- [DATASET EXCERPT]
= = = = =

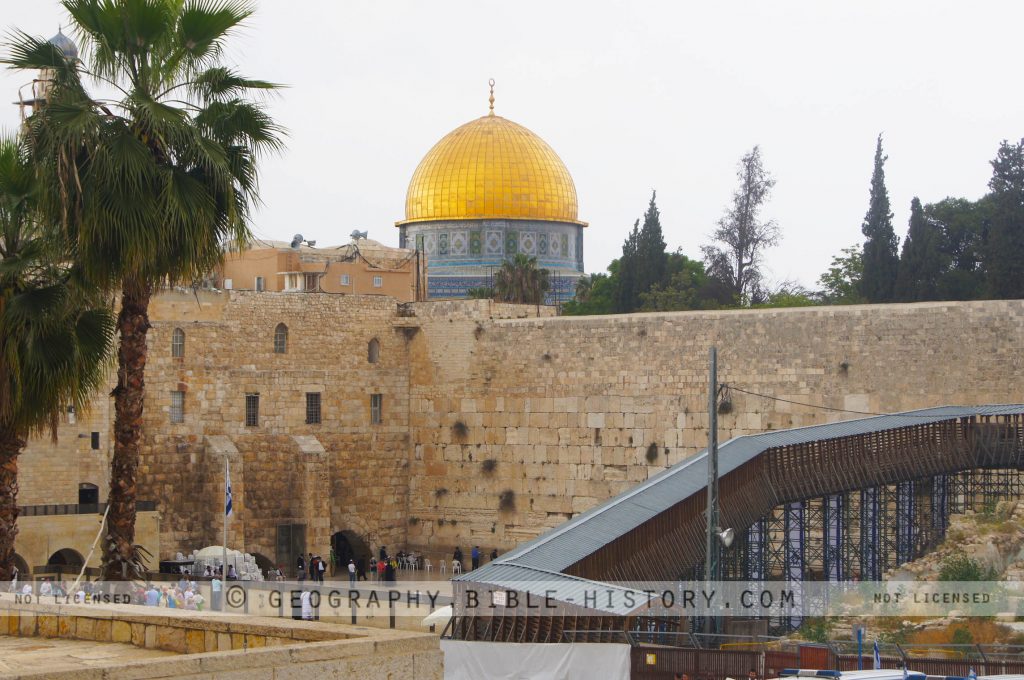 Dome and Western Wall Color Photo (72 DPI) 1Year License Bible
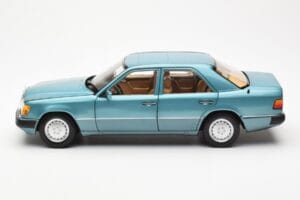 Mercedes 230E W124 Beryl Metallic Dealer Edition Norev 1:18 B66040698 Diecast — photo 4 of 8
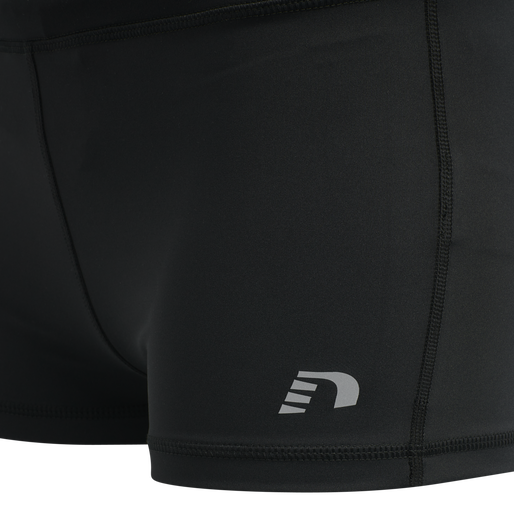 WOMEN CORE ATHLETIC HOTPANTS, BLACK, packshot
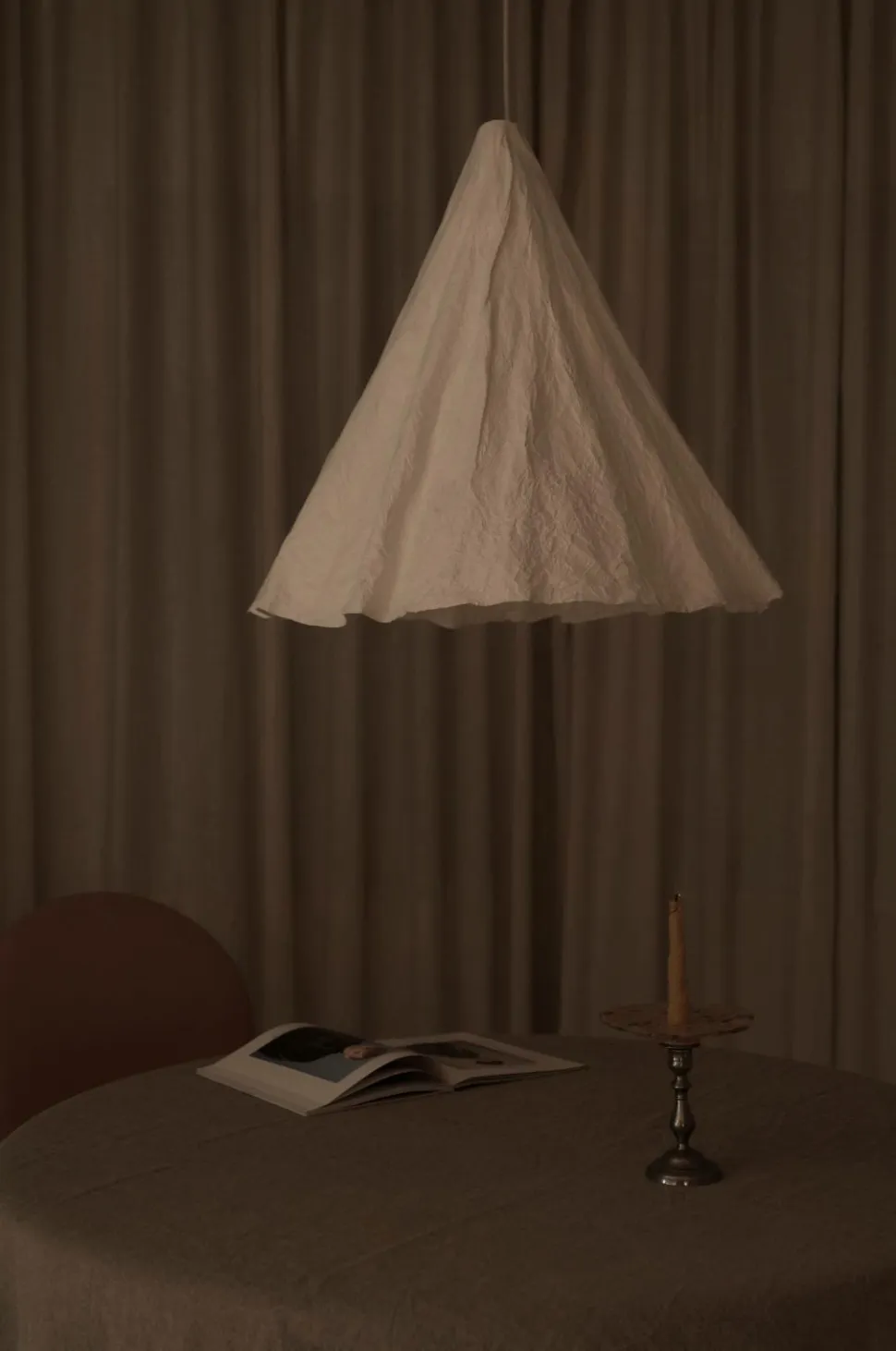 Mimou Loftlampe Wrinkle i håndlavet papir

= = = = =

- [EXERCISE PROMPT] Begin at the line containing "Mercedes 230E W124" and stop at the final line of the data. Retype those lines exactly, without the pictures.

- [ANSWER SPACE]
 Mercedes 230E W124 Beryl Metallic Dealer Edition Norev 1:18 B66040698 Diecast — photo 4 of 8
 WOMEN CORE ATHLETIC HOTPANTS, BLACK, packshot
 Mimou Loftlampe Wrinkle i håndlavet papir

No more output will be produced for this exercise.